Department of Cardiology, Henry Ford Hospital, Detroit, MI 48202, USA.
J Pers Med. 2023 Mar 13;13(3):515. doi: 10.3390/jpm13030515.
Balloon uncrossable lesions are defined as lesions that cannot be crossed with a balloon after successful guidewire crossing. We analyzed the association between balloon uncrossable lesions and procedural outcomes of 8671 chronic total occlusions (CTOs) percutaneous coronary interventions (PCIs) performed between 2012 and 2022 at 41 centers. The prevalence of balloon uncrossable lesions was 9.2%. The mean patient age was 64.2 ± 10 years and 80% were men. Patients with balloon uncrossable lesions were older (67.3 ± 9 vs. 63.9 ± 10, < 0.001) and more likely to have prior coronary artery bypass graft surgery (40% vs. 25%, < 0.001) and diabetes mellitus (50% vs. 42%, < 0.001) compared with patients who had balloon crossable lesions. In-stent restenosis (23% vs. 16%. < 0.001), moderate/severe calcification (68% vs. 40%, < 0.001), and moderate/severe proximal vessel tortuosity (36% vs. 25%, < 0.001) were more common in balloon uncrossable lesions. Procedure time (132 (90, 197) vs. 109 (71, 160) min, < 0.001) was longer and the air kerma radiation dose (2.55 (1.41, 4.23) vs. 1.97 (1.10, 3.40) min, < 0.001) was higher in balloon uncrossable lesions, while these lesions displayed lower technical (91% vs. 99%, < 0.001) and procedural (88% vs. 96%, < 0.001) success rates and higher major adverse cardiac event (MACE) rates (3.14% vs. 1.49%, < 0.001). Several techniques were required for balloon uncrossable lesions. In a contemporary, multicenter registry, 9.2% of the successfully crossed CTOs were initially balloon uncrossable. Balloon uncrossable lesions exhibited lower technical and procedural success rates and a higher risk of complications compared with balloon crossable lesions.

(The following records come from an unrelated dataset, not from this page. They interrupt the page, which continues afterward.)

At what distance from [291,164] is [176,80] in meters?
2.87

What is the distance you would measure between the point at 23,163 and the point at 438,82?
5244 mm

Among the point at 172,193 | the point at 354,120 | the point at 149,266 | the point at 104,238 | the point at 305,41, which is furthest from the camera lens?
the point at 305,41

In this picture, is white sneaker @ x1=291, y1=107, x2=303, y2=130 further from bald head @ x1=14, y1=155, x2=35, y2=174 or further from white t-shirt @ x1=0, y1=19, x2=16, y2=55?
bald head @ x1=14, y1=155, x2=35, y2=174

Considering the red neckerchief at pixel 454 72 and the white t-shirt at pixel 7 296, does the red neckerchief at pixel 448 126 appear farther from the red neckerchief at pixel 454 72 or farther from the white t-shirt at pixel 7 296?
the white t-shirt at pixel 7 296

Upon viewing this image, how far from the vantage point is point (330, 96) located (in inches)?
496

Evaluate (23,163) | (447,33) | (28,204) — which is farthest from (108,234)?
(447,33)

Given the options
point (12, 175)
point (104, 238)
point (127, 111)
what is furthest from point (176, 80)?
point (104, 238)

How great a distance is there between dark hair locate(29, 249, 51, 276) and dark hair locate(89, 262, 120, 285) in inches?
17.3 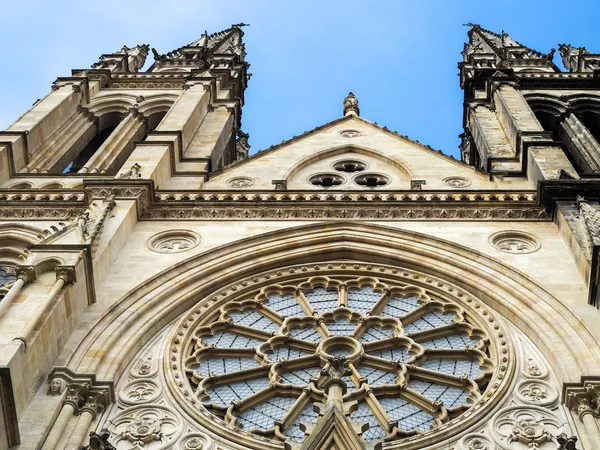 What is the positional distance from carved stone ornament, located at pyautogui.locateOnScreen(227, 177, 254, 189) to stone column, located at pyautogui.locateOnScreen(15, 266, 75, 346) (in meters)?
8.09

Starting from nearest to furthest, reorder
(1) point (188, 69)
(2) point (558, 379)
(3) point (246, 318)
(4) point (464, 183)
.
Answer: (2) point (558, 379)
(3) point (246, 318)
(4) point (464, 183)
(1) point (188, 69)

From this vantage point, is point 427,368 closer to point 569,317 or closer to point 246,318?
point 569,317

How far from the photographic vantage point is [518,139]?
70.5 ft

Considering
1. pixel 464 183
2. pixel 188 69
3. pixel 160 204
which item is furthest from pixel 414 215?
pixel 188 69

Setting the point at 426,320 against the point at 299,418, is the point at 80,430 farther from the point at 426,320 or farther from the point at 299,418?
the point at 426,320

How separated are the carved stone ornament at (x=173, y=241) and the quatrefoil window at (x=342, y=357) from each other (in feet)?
5.62

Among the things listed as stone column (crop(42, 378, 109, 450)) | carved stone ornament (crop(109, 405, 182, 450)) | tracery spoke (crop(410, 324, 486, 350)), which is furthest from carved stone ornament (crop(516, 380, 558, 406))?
stone column (crop(42, 378, 109, 450))

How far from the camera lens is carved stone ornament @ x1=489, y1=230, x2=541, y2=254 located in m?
16.1

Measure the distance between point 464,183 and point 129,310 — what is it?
9.32 m

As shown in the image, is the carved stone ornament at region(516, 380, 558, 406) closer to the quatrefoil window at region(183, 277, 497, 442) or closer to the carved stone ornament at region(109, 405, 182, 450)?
the quatrefoil window at region(183, 277, 497, 442)

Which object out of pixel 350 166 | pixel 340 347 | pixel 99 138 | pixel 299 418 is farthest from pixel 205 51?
pixel 299 418

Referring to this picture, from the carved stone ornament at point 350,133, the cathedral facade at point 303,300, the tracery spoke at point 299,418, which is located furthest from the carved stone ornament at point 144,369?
the carved stone ornament at point 350,133

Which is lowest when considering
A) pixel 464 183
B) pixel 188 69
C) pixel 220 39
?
pixel 464 183

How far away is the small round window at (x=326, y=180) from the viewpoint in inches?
846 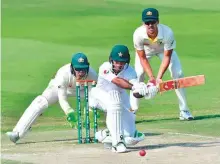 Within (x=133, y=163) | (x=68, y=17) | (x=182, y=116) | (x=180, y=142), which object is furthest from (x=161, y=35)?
(x=68, y=17)

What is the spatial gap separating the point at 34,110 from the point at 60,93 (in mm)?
398

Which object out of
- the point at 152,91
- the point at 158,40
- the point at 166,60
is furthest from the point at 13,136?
the point at 158,40

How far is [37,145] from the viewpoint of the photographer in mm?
10891

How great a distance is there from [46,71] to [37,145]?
6379 mm

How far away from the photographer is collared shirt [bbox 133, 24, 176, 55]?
12.2 m

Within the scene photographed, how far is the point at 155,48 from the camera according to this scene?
12.7m

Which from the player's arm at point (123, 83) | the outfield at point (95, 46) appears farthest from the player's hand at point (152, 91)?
the outfield at point (95, 46)

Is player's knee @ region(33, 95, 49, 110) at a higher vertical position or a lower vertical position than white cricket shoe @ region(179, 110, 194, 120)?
higher

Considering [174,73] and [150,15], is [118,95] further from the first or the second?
[174,73]

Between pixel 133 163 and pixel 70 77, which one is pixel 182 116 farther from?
pixel 133 163

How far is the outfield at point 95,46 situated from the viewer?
13.0m

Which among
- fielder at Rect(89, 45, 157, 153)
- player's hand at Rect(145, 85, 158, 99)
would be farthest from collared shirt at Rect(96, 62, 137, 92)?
player's hand at Rect(145, 85, 158, 99)

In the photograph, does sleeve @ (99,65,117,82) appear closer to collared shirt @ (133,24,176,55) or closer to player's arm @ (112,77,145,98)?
player's arm @ (112,77,145,98)

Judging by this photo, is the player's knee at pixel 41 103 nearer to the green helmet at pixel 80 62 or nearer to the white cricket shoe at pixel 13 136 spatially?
the white cricket shoe at pixel 13 136
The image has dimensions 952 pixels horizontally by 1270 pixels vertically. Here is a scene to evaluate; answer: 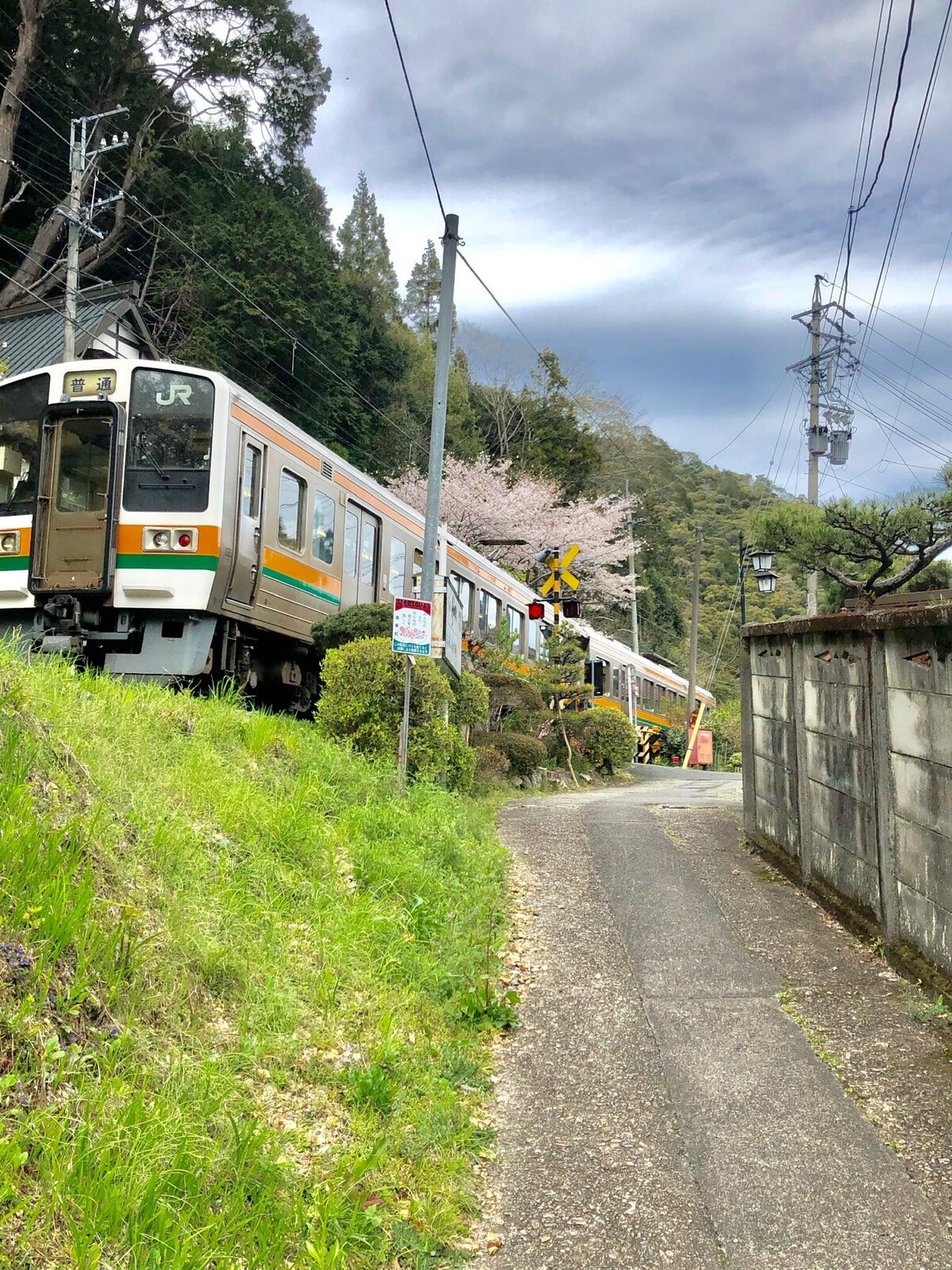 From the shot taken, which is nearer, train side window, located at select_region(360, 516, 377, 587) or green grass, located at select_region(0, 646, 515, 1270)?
green grass, located at select_region(0, 646, 515, 1270)

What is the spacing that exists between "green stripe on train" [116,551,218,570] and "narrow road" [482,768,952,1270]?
13.1 feet

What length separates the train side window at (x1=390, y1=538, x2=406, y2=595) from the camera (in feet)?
44.6

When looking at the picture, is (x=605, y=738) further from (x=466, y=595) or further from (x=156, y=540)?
(x=156, y=540)

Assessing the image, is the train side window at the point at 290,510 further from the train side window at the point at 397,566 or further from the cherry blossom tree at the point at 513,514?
the cherry blossom tree at the point at 513,514

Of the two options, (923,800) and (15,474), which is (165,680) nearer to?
(15,474)

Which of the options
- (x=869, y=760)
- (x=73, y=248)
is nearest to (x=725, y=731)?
(x=73, y=248)

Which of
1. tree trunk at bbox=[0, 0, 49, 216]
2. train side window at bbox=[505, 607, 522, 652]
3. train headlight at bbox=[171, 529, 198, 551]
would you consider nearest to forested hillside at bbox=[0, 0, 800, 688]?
tree trunk at bbox=[0, 0, 49, 216]

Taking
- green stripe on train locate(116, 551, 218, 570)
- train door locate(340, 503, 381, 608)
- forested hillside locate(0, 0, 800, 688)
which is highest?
forested hillside locate(0, 0, 800, 688)

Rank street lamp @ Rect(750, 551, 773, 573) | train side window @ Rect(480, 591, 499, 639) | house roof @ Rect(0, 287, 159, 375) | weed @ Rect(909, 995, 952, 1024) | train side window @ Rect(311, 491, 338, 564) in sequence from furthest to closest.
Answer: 1. house roof @ Rect(0, 287, 159, 375)
2. train side window @ Rect(480, 591, 499, 639)
3. street lamp @ Rect(750, 551, 773, 573)
4. train side window @ Rect(311, 491, 338, 564)
5. weed @ Rect(909, 995, 952, 1024)

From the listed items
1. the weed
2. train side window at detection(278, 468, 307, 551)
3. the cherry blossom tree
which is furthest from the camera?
the cherry blossom tree

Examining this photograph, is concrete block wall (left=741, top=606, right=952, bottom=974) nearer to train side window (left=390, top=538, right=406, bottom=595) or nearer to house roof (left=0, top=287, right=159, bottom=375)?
train side window (left=390, top=538, right=406, bottom=595)

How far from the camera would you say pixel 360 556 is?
12461 millimetres

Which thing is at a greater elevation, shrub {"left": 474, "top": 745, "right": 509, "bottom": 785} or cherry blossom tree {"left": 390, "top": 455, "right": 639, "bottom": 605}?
cherry blossom tree {"left": 390, "top": 455, "right": 639, "bottom": 605}

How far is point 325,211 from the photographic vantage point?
3041cm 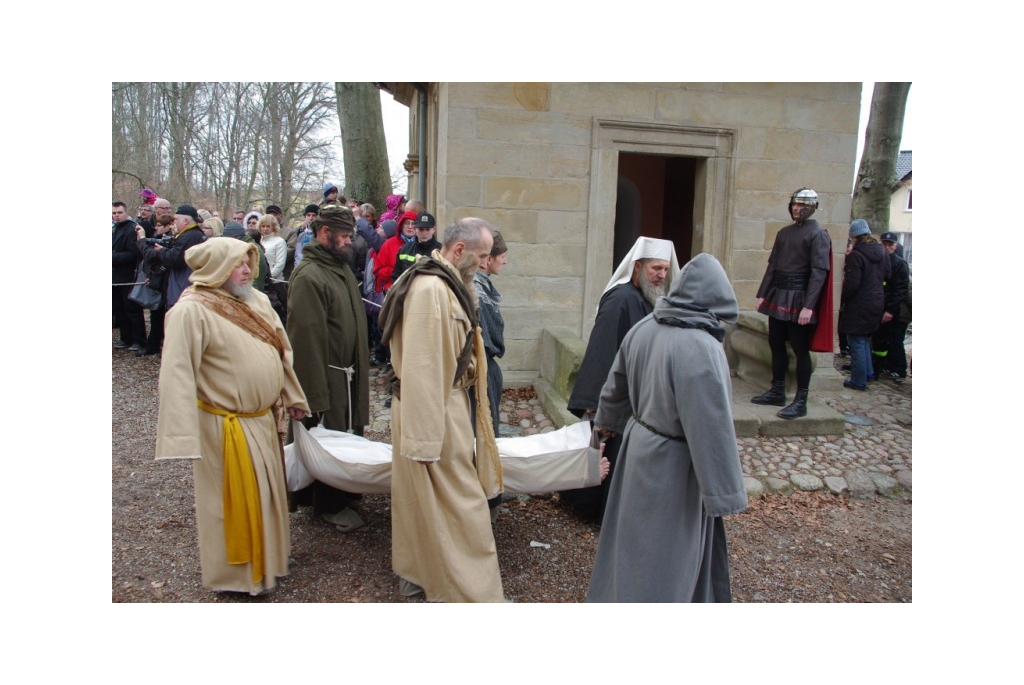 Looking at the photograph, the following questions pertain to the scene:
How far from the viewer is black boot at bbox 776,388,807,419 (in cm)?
585

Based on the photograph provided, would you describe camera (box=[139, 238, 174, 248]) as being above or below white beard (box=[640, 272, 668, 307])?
above

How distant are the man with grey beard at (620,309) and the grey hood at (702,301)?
3.77 ft

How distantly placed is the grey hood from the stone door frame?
407cm

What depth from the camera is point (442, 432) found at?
10.0ft

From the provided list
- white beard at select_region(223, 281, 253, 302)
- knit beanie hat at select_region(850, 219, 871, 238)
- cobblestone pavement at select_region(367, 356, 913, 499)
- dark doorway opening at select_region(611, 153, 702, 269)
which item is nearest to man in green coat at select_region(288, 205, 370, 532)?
white beard at select_region(223, 281, 253, 302)

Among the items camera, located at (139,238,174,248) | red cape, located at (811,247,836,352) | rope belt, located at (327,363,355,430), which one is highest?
→ camera, located at (139,238,174,248)

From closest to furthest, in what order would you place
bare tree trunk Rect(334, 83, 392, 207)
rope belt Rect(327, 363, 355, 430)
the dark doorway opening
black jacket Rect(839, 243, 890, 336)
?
rope belt Rect(327, 363, 355, 430) → black jacket Rect(839, 243, 890, 336) → the dark doorway opening → bare tree trunk Rect(334, 83, 392, 207)

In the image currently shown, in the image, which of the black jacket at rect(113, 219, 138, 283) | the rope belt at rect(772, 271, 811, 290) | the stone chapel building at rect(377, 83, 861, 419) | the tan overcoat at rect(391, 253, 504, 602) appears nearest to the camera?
the tan overcoat at rect(391, 253, 504, 602)

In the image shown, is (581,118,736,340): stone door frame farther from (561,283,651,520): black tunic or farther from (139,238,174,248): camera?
(139,238,174,248): camera

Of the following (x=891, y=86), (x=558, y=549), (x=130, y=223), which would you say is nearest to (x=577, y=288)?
(x=558, y=549)

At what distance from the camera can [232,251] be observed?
10.5 ft

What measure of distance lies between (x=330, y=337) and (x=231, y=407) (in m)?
0.92

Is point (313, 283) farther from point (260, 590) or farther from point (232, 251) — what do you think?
point (260, 590)

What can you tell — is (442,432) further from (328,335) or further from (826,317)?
(826,317) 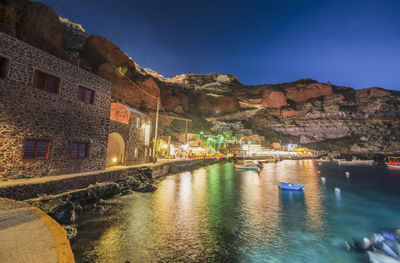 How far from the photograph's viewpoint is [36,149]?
464 inches

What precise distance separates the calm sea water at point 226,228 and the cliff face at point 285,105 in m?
44.3

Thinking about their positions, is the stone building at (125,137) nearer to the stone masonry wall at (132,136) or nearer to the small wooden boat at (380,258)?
the stone masonry wall at (132,136)

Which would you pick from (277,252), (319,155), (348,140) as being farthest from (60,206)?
(348,140)

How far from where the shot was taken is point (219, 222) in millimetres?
11281

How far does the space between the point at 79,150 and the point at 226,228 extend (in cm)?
1237

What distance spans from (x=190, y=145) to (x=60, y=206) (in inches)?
1615

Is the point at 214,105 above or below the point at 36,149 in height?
above

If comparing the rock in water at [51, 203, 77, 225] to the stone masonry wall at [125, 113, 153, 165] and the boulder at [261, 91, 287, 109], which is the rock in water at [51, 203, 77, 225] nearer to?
the stone masonry wall at [125, 113, 153, 165]

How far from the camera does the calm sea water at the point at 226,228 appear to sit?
7828 mm

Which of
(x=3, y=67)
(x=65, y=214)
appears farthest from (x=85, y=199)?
(x=3, y=67)

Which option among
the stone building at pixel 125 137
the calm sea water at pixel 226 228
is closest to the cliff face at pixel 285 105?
the stone building at pixel 125 137

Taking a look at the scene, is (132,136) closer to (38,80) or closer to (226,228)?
(38,80)

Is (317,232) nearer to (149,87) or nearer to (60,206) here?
(60,206)

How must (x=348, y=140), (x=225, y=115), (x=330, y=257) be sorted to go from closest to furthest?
(x=330, y=257), (x=348, y=140), (x=225, y=115) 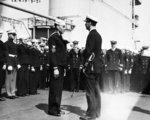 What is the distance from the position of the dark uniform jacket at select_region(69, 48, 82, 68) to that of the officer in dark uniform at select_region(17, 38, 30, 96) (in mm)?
2515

球囊无法通过的病变被定义为在导丝成功通过后球囊无法通过的病变。我们分析了2012年至2022年期间在41个中心进行的8671例慢性完全闭塞(CTO)经皮冠状动脉介入治疗(PCI)中球囊无法通过的病变与手术结果之间的关联。球囊无法通过的病变的患病率为9.2%。患者的平均年龄为64.2±10岁,80%为男性。与球囊可通过病变的患者相比,球囊无法通过病变的患者年龄更大(67.3±9岁对63.9±10岁,P<0.001),更有可能接受过冠状动脉旁路移植手术(40%对25%,P<0.001)和患有糖尿病(50%对42%,P<0.001)。支架内再狭窄(23%对16%,P<0.001)、中度/重度钙化(68%对40%,P<0.001)和中度/重度近端血管迂曲(36%对25%,P<0.001)在球囊无法通过的病变中更为常见。球囊无法通过的病变的手术时间更长(132(90,197)分钟对109(71,160)分钟,P<0.001),空气比释动能辐射剂量更高(2.55(1.41,4.23)对1.97(1.10,3.40)分钟,P<0.001),而这些病变的技术成功率(91%对99%,P<0.001)和手术成功率(88%对96%,P<0.001)较低,主要不良心脏事件(MACE)发生率较高(3.14%对1.49%,P<0.001)。球囊无法通过的病变需要多种技术。在一个当代多中心注册研究中,9.2%成功通过的CTO最初是球囊无法通过的。与球囊可通过的病变相比,球囊无法通过的病变的技术和手术成功率较低,并发症风险较高。